The Panopticon – Big Brother is Watching, Probably

This Week’s reading is an excerpt from Michel Foucault’s book Discipline and Punish which explores the prison system and how it was born out of the security imposed upon the ‘plague-stricken town’ of the seventeenth century (Foucault, 1997, p.205). Foucault also introduces the reader to Bentham’s design of the Panopticon – a cylindrical wall of prison cells with a large tower at its centre. In this analysis of the week’s reading I will outline the basic points that Foucault has made and make some connections of my own drawing from media and literature sources. I will also add to Foucault’s discussion of the Panopticon by drawing on its symbolic connotations and how they relate to the prison system, the individual and society as a whole. Word?

The reading begins with Foucault describing a typical scene of a seventeenth century town that has been contaminated with the plague. The writer vividly illustrates the process of security that is put in place to avoid further contamination, and in doing so sets up the reader to notice similarities between what is being described, and what we know of the modern day prison system through books, movies, and crazies on the street. Foucault states that every town inhabitant must stay indoors while the front door is locked from the outside; ‘each individual is fixed in his place. And if he moves, he does so at the risk of his life, contagion or punishment… only the intendants, syndics and guards will move about the streets’ (Foucault, 1997, p. 195). This is very similar to what is done in prisons during ‘lights out’, where all the prisoners are made to go back into their cell, which is then locked, leaving only the patrolling guards and officials on the prison grounds. Foucault (1997, p. 196) continues his description of the plague stricken town by mentioning the guards stationed in observation towers at each of the town gates, in the town hall and in every quarter. This is to ensure that the town people are obedient and comply to the rules, and ‘also to observe all disorder, theft and extortion’. It is clearer than sky now that the prison was born out of this seventeenth century scene, which even has townspeople being summoned to their windows for the daily roll call. Prior to reading this weeks reading the word plague had always conjured up funny images of Monty Python and the Holy Grail (1975) ‘bring out your dead’ scene, but never images of a disciplined society reminiscent of a prison. Thanks a lot Foucault!

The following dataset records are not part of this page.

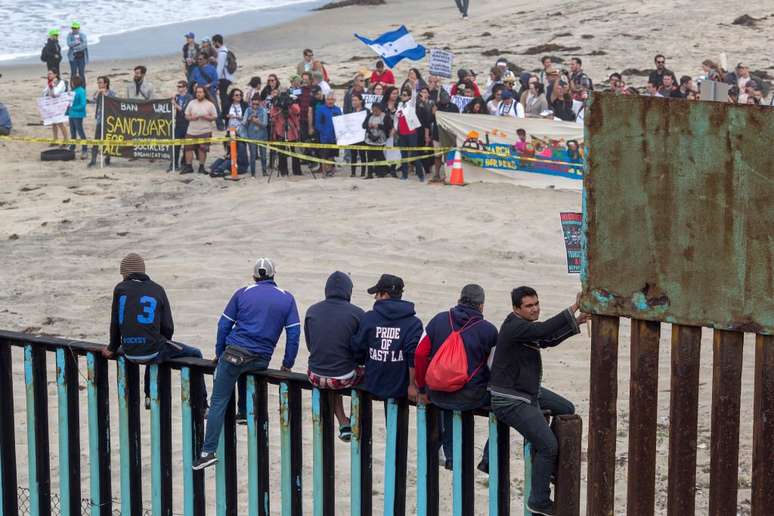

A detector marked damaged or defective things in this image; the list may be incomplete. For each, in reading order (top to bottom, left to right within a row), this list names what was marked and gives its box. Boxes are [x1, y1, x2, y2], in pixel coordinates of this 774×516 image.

rusty border fence [0, 330, 584, 516]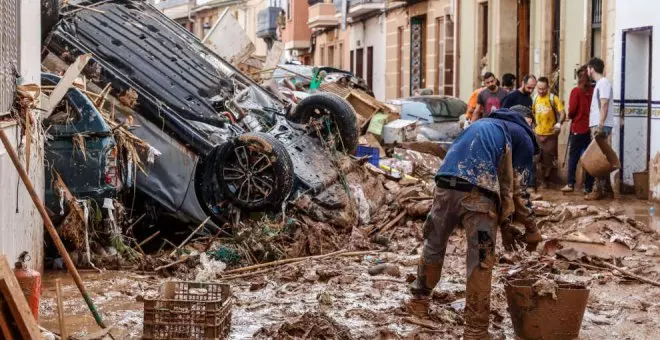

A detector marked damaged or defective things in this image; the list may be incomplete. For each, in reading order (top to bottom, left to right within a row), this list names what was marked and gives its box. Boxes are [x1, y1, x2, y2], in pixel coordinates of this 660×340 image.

overturned dark car [43, 1, 358, 227]
crushed vehicle [44, 1, 360, 227]
crushed vehicle [384, 95, 466, 143]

 The film Bad Boys (1983), a movie sadly swept under the rug due to Martin Lawrence and Will Smith’s movie of the same title, revolves around the actions of Sean Penn’s character Mick O’Brien, a boy who gets sent to a juvenile detention center for committing a crime (I will use this movie to make some comparisons with Foucault’s text). The movie contains all of the elements that are present in Foucault’s (1997, p. 196) description of the ‘system of permanent registration’ – the juvenile detention center has the lights out, the daily roll calls, the guards on patrol and keeping watch in the observation post, solitary confinement and also as Foucault (1997, p. 197) describes, ‘the process of purifying the houses one by one’ which takes the form of regular room inspections, in which the cells are purified of any contraband such as drugs and weapons. If the plague riddled town is a ‘compact model of the disciplinary system’ (Foucualt, 1997, p. 197), then the juvenile detention center serves as a small scale model. Foucault (1997, p. 198) makes a point that the plague gave rise to this model, while the leper, or plague infected person gave rise to the ‘great confinement’, which in modern times is referred to as solitary confinement. The idea of exiling the leper to solitary confinement stems from the fear that he might infect other townspeople, in the case of modern day prisons solitary confinement has a similar agenda; to make sure that the often violent nature of the individual in question is not at risk of tainting the minds of the other reforming criminals.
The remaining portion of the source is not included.